Am Ende der Ausstellung steht ein klassischer amerikanischer Traktor der Marke Farmall. Diese Maschinen wurden im Rahmen der UNRA-Hilfe (United Nations Relief and Rehabilitation Administration) nach dem Zweiten Weltkrieg auch in die Tschechoslowakei eingeführt. Wie wurden die einzelnen historischen Maschinen für die Prager Dauerausstellung ausgesucht? Vladimir Michalek dazu:

"Für die Ausstellung suchten wir Exponate aus, die auf den ersten Blick interessant aussehen. Es gibt hier auch einige einzigartige Stücke, die man nirgendwo anders sehen kann. Außerdem wollten wir mit den entsprechenden Beispielen die Entwicklung der Traktorenproduktion illustrieren, die hier auf den Begleittexten beschrieben wird. Die Ausstellung beginnt mit dem Ersten Weltkrieg und endet mit den fünfziger Jahren des 20. Jahrhunderts."

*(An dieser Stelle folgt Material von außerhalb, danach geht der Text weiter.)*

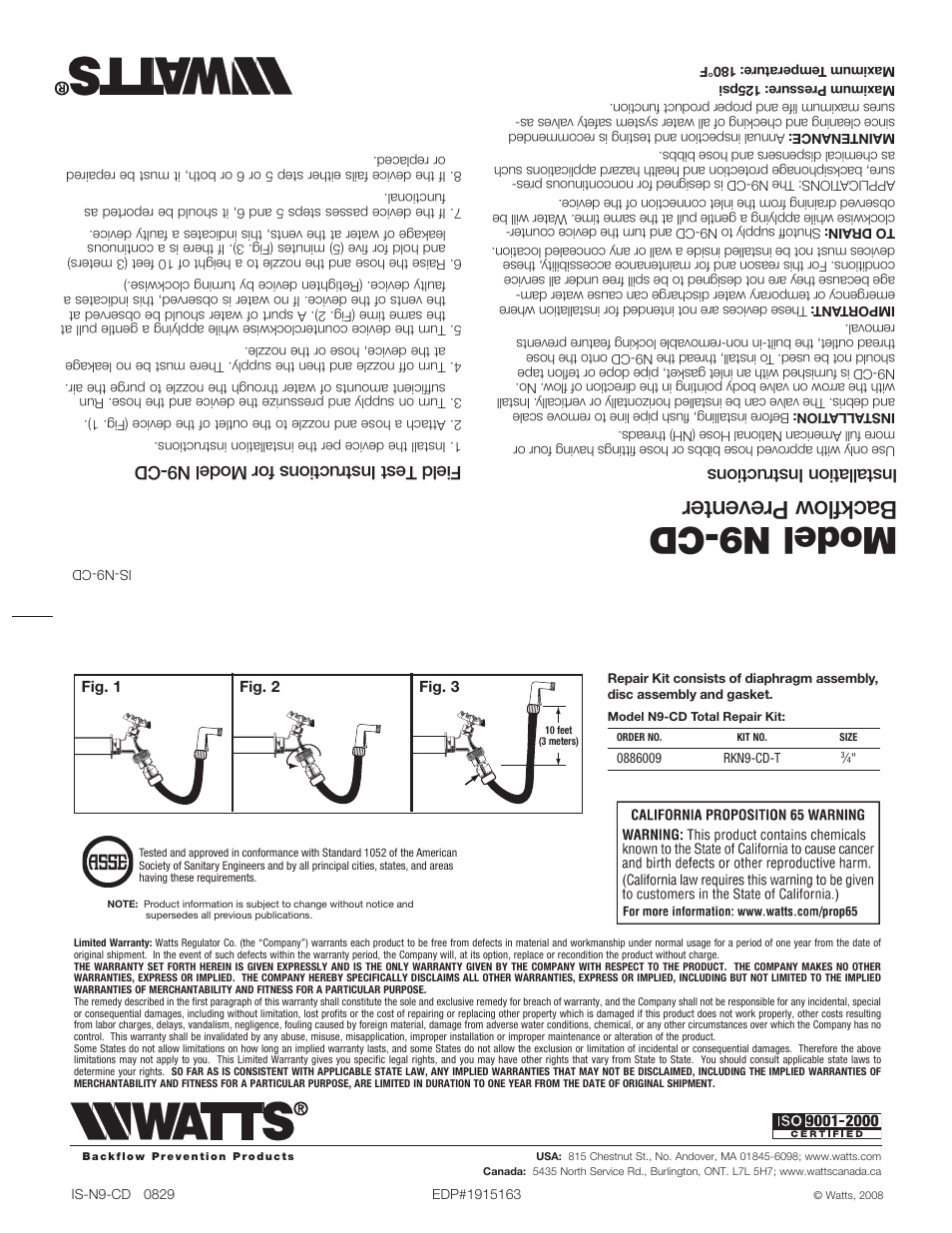 Watts N9-CD User Manual | 2 pages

Die Mehrheit der Exponate kann man in Tschechien kaum mehr sehen. Die Sammlung der historischen landwirtschaftlichen Maschinen, die in Caslav aufbewahrt wird und aus der die in Prag ausgestellten Traktoren stammen, ist eine der drei größten Sammlungen dieser Art in Europa. Der Wert der einzelnen Stücke ist Vladimir Michalek zufolge heute nur schwierig zu beziffern. Aber auch in den Pionierzeiten der Traktorenproduktion waren die damals viel bewunderten Traktoren gar nicht billig, sagt der Experte:

Vladimir Michalek
"Am Anfang konnte sich das niemand erlauben, einen Traktor zu kaufen. Nach dem Ersten Weltkrieg hat sich die Lage ein wenig geändert. Es mangelte damals an Pferden. Und die Traktoren waren in der Lage, die Pferde zu ersetzen. Und sie mussten nicht ständig gefüttert werden wie die Tiere. Die Motorpflüge, die hier in Prag zu sehen sind waren aber immer sehr teuer. Diese konnten sich nur reiche Gutsbesitzer leisten."

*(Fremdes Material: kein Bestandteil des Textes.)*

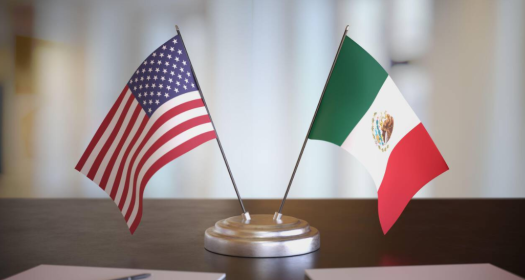Small U.S. and Mexico flags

Vladimir Michalek sieht kein Problem darin, die historischen Exponate in Betrieb zu setzen. In der Museumszweigstelle in Caslav werden jedes Jahr im Juni die historischen Maschinen im Betrieb vorgestellt.

Die Ausstellung ist durch ein reichhaltiges Begleitprogramm ergänzt. Für die kleinen Besucher stehen mehrere Mini-Traktoren zur Verfügung, mit denen sie durch die Ausstellung rasen können. Vorher sollen sie jedoch einen Führerschein für den Traktor erwerben, der sie dann für die Fahrt durch den Ausstellungssaal berechtigt. Die erwachsenen Besucherinnen und Besucher werden bald die Möglichkeit haben, ihre Fähigkeiten als Traktorfahrer auf einem Traktor-Simulator unter Beweis zu stellen. Schon jetzt können sie jedoch ihr Können im Bereich Traktorwesen zumindest am Computer testen. Die ganze Ausstellung ist wie eine Geschichte aufgebaut, die den Besucher durch die Entwicklung der Mechanisierung der landwirtschaftlichen Arbeit führt. Die Traktorveteranen können Sie im Hauptgebäude des Nationalmuseums für Landwirtschaft in der Kostelni-Straße Nr. 44 in Prag-Letna besichtigen.